Nessuno è mai stato in grado di provare che l’ex Ilva abbia violato le leggi sulla tutela ambientale all’epoca vigenti. La Corte d’Assise di Taranto si rifiutò di accettare questa logica. Il pm lo disse esplicitamente: “Ma come facciamo a rispondere alla mamma che ha perso il bambino che i limiti erano in regola?” Furono proprio le condanne inflitte all’ex governatore della Puglia Nichi Vendola e al prof. Giorgio Assennato, ex direttore dell’Agenzia regionale dell’ambiente a rendere palese l’arbitrio che hanno sorretto le indagini e la sentenza della Corte. Nichi Vendola, condannato a 3 anni e 6 mesi di reclusione, avrebbe concusso in modo implicito il prof. Assennato perché moderasse la valutazione di impatto ambientale dello stabilimento; ma anche il direttore fu condannato a 2 anni per favoreggiamento perché negò di aver ricevuto delle minacce da Vendola. Toccherebbe alla magistratura fornire la prova dei reati. A Taranto i giudici si sono avvalsi di una presunzione assoluta. Anche il Consiglio di Stato riconobbe l’importanza strategica dello stabilimento e della produzione di acciaio, anche in vista del PNRR e della mission della <decarbonizzazione>. Intanto ai sindacati la voce grossa. Ha tuonato , Michele De Palma, leader della Fiom prima della riunione col governo: “Ora dunque anche se con ritardo il governo si assuma la responsabilità per dare continuità all’azienda e sicurezza a tutti i lavoratori di tutti gli impianti”, Neppure un cenno di autocritica per aver tollerato quel disegno criminoso che ha messo l’Ilva sul lastrico, perché incapaci di sottrarsi alla gogna del politicamente corretto ecologista e di opporsi alle toghe che brandivano sfacciatamente quel ricatto in spregio di tutti i provvedimenti di salvaguardia adattati dai vari governi.

Ben venga, allora, una Commissione parlamentare di inchiesta che spieghi agli italiani perché: la più grande acciaieria d’Europa è stata commissariata anche se era in salute; i proprietari, fratelli Riva, sono stati processati per bancarotta fraudolenta. Ma il fratello Fabio che non aveva patteggiato (e che a Taranto era stato condannato a 22 anni) a Milano venne assolto sia in primo grado che in appello.
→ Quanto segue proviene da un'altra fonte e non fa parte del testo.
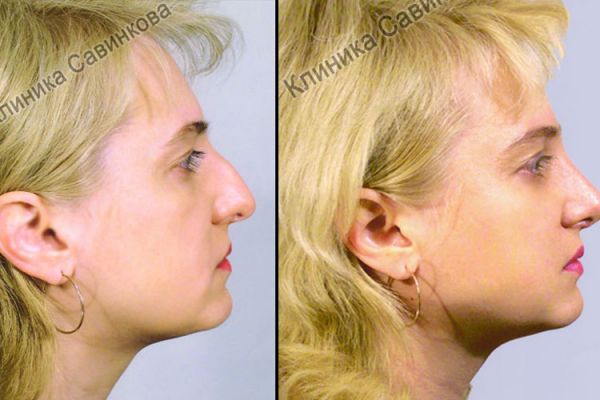 rinoplastic-822691725-73C4-1782-44D3-C56D00AAD927.jpg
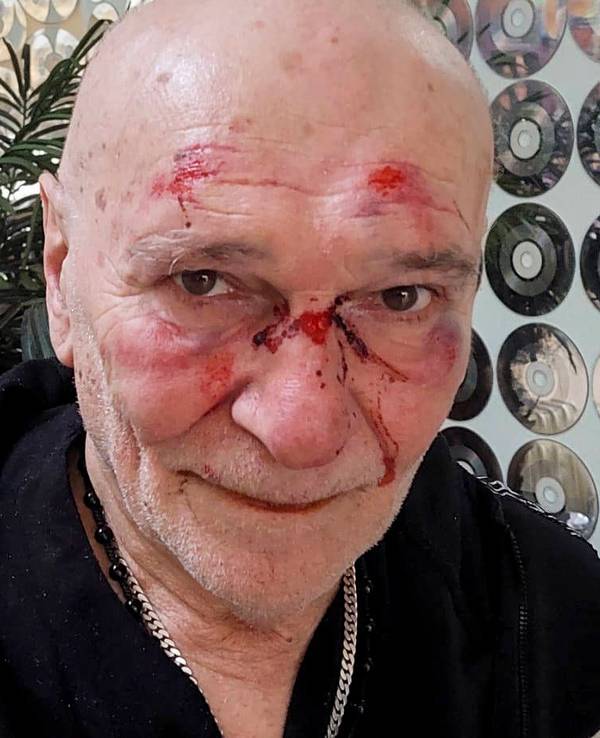 Der Schlagersänger Peter Sebastian veröffentlichte nach dem Überfall ein Foto, das die bei dem Angriff erlittenen Verletzungen in seinem Gesicht zeigt.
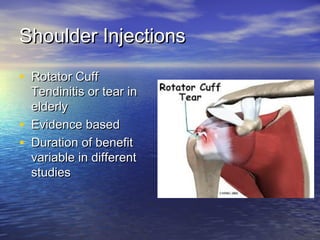 Retroscapular Injection Musculoskeletal injections | PPT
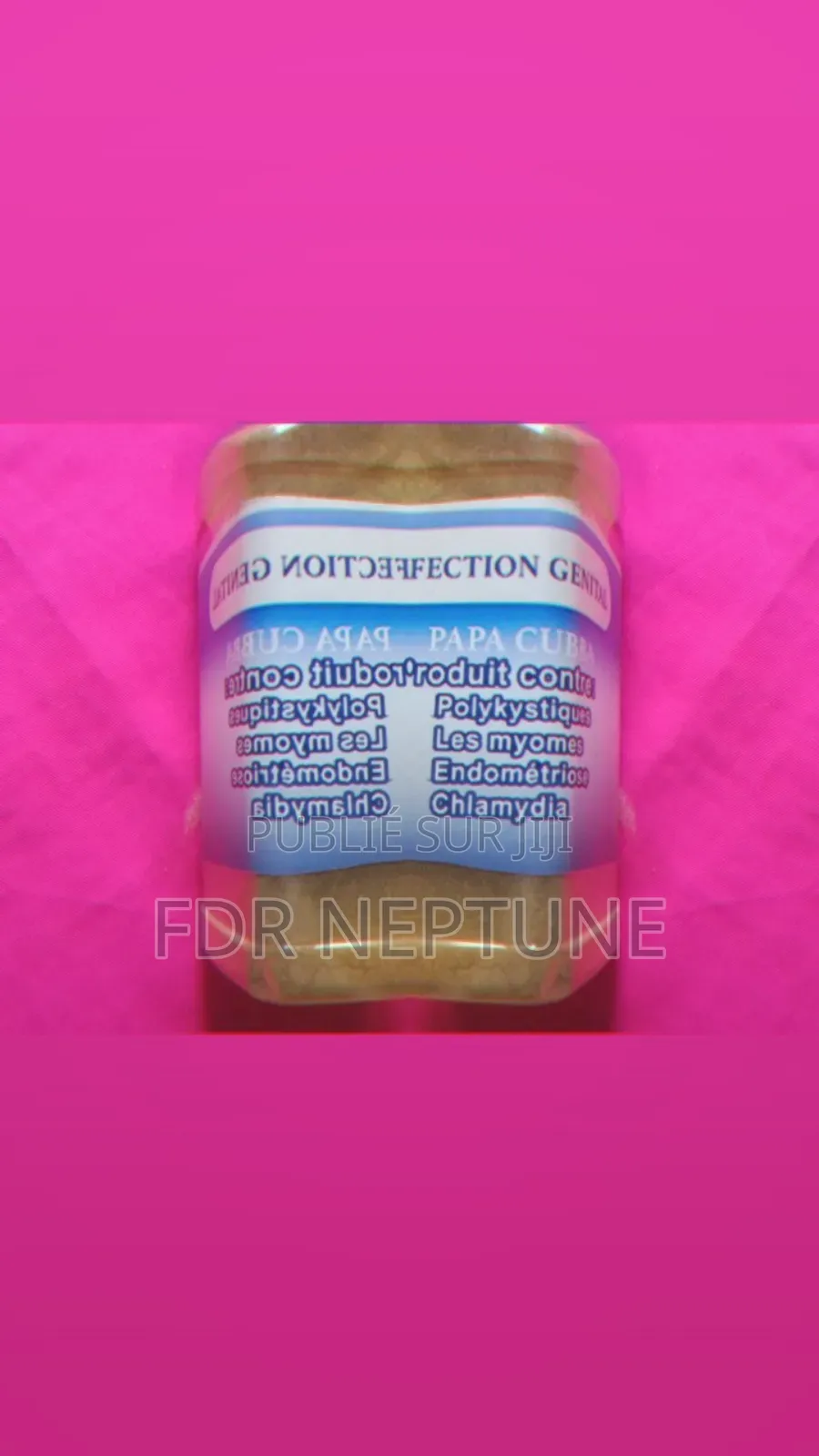 Infections Génitales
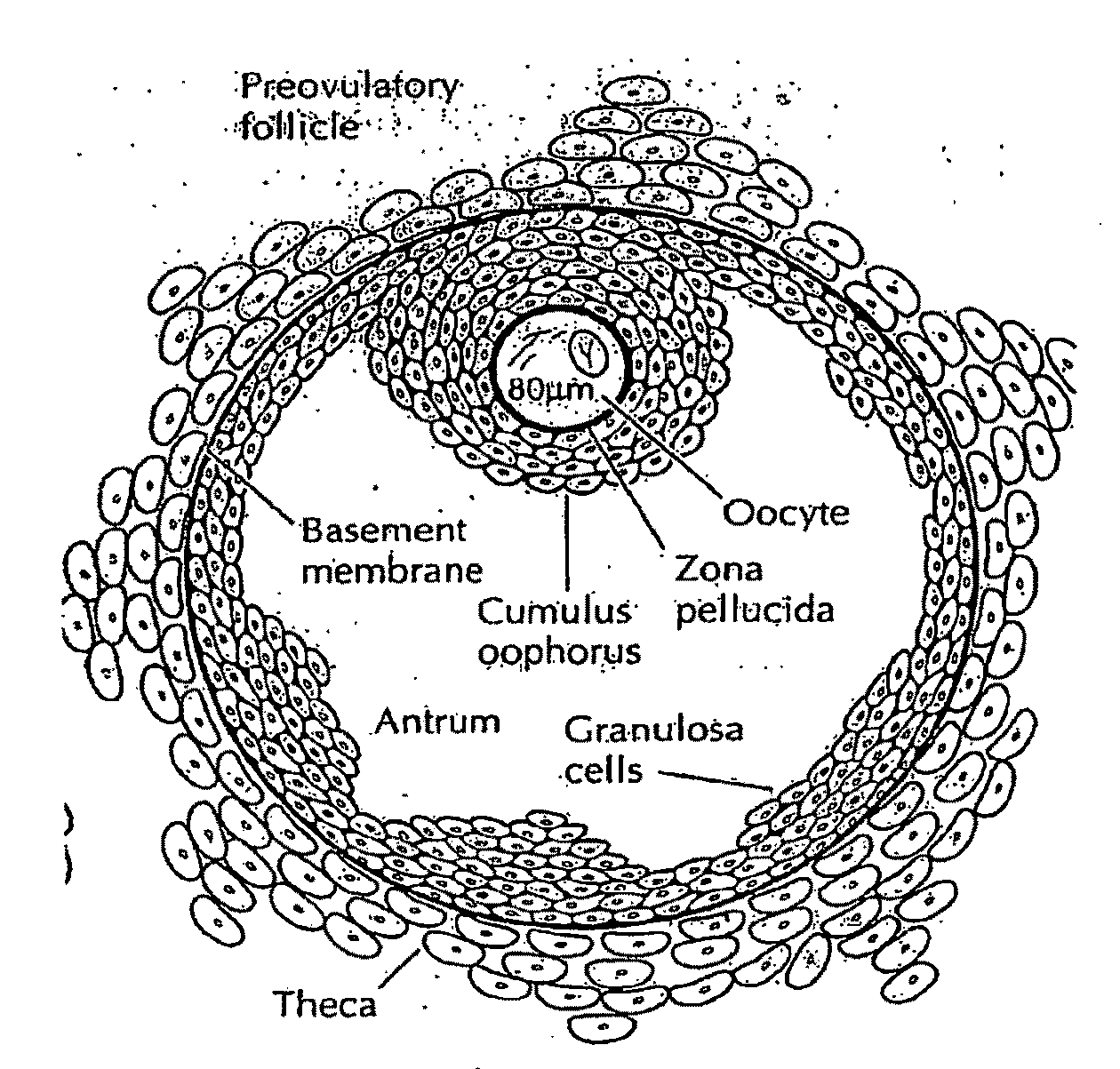 Methods for the Diagnosis and Treatment of Female Infertility Using Molecular Markers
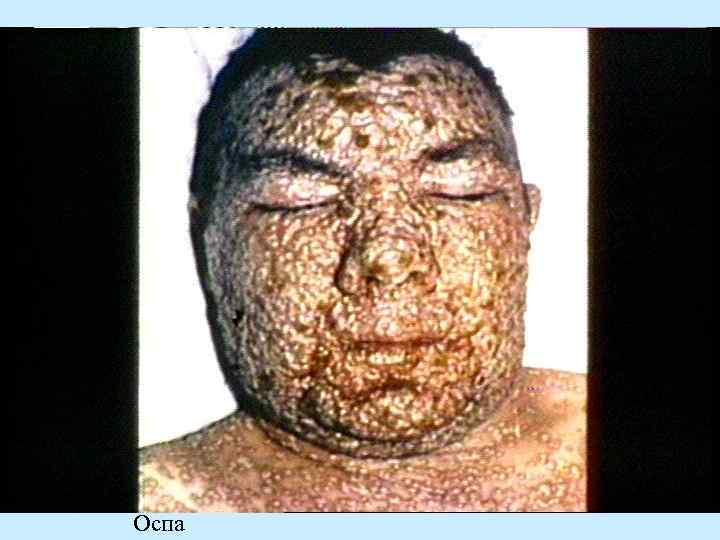 Оспа 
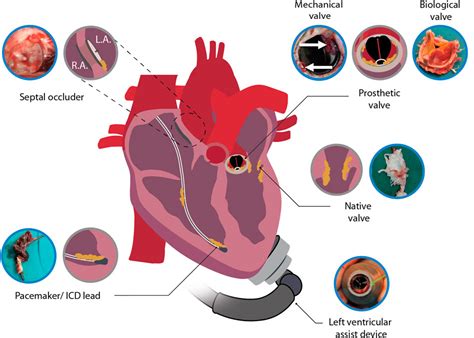 Frontiers Native Valve Prosthetic Valve And Cardiac Device Related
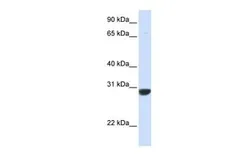 Anti-PNPO antibody, N-term used in Western Blot (WB). GTX44844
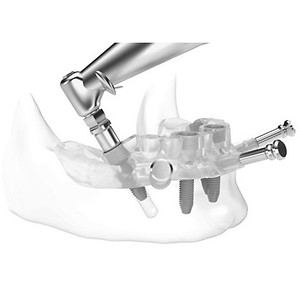Imagem do produto Mude o seu sorriso de um dia para o outro 3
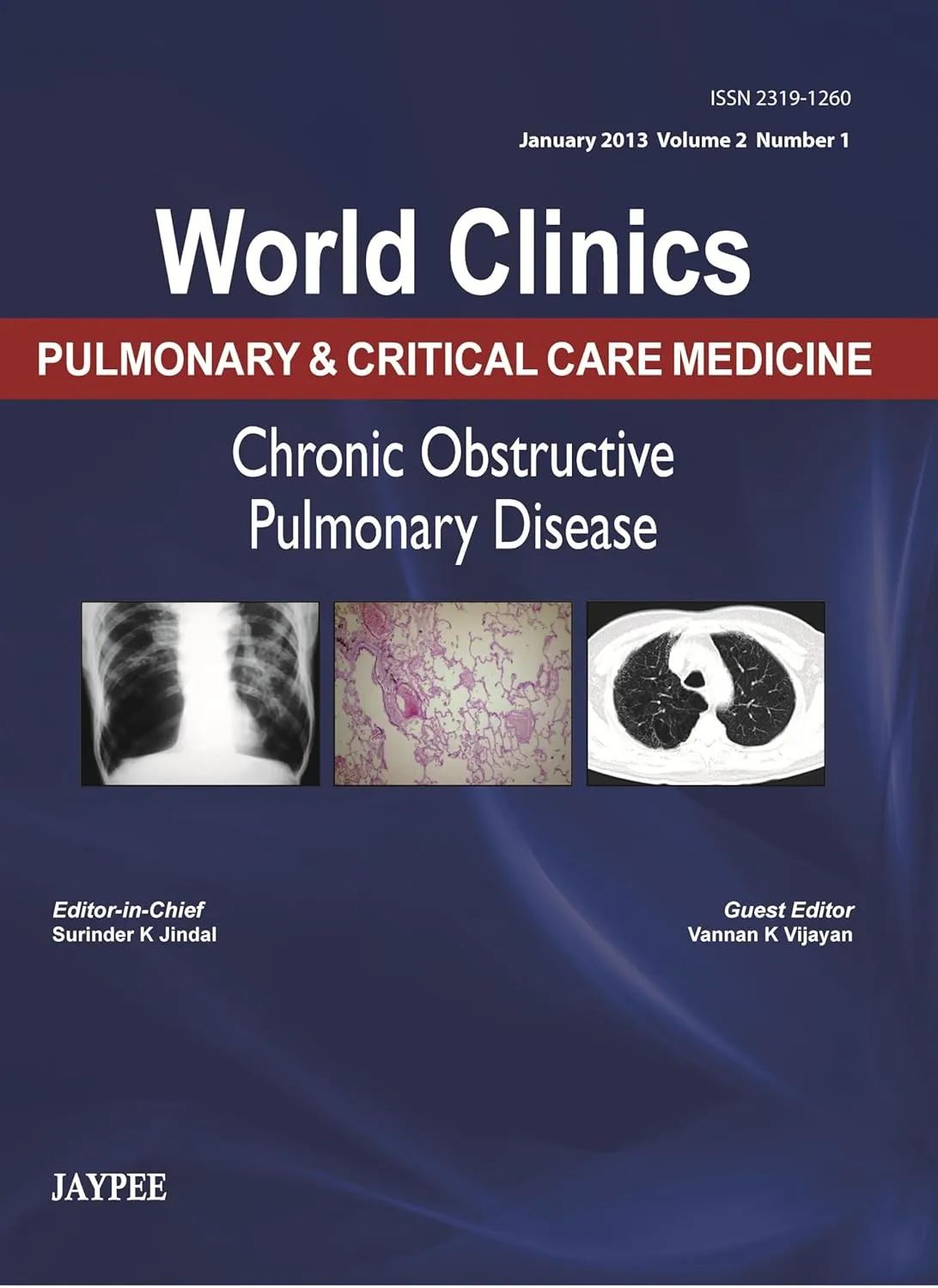 World Clinics-Pulmonary and Critical Care Medicine: Pneumonias - Vol-1, Issue-1 2013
Nelle motivazioni della sentenza di assoluzione di primo grado emessa nel luglio 2019 il Gup Lidia Castellucci del Tribunale di Milano scrisse che la società Riva Fire aveva investito “in materia di ambiente” risorse finanziarie nella gestione dell’ILVA di Taranto nel periodo intercorrente tra il 1995 e il 2012, per “oltre un miliardo di euro” ed “oltre tre miliardi di euro per l’ammodernamento e la costruzione di nuovi impianti” e pertanto non vi era stato il “contestato depauperamento generale della struttura”. Per tirare avanti sotto i colpi di mortaio della magistratura e delle autorità pugliesi (le stesse che hanno promosso il referendum sulle trivelle, fatto una guerra implacabile alla Tap, consentito alla xilella di divorare centinaia di migliaia di ettari di ulivo) lo Stato ha erogato – anche a titolo di ammortizzatori sociali – ingenti risorse. Fino al punto di garantire, adesso, una prospettiva a 20 mila famiglie, ricevendo in cambio uno stabilimento moribondo. A chi dobbiamo tutto questo?

*ADAPT è una associazione senza fini di lucro, fondata da Marco Biagi nel 2000 per promuovere, in una ottica internazionale e comparata, studi e ricerche nell’ambito delle relazioni industriali e di lavoro. Il suo obiettivo è promuovere un modo nuovo di “fare Università”, costruendo stabili relazioni e avviando interscambi tra sedi della alta formazione, mondo associativo, istituzioni e imprese.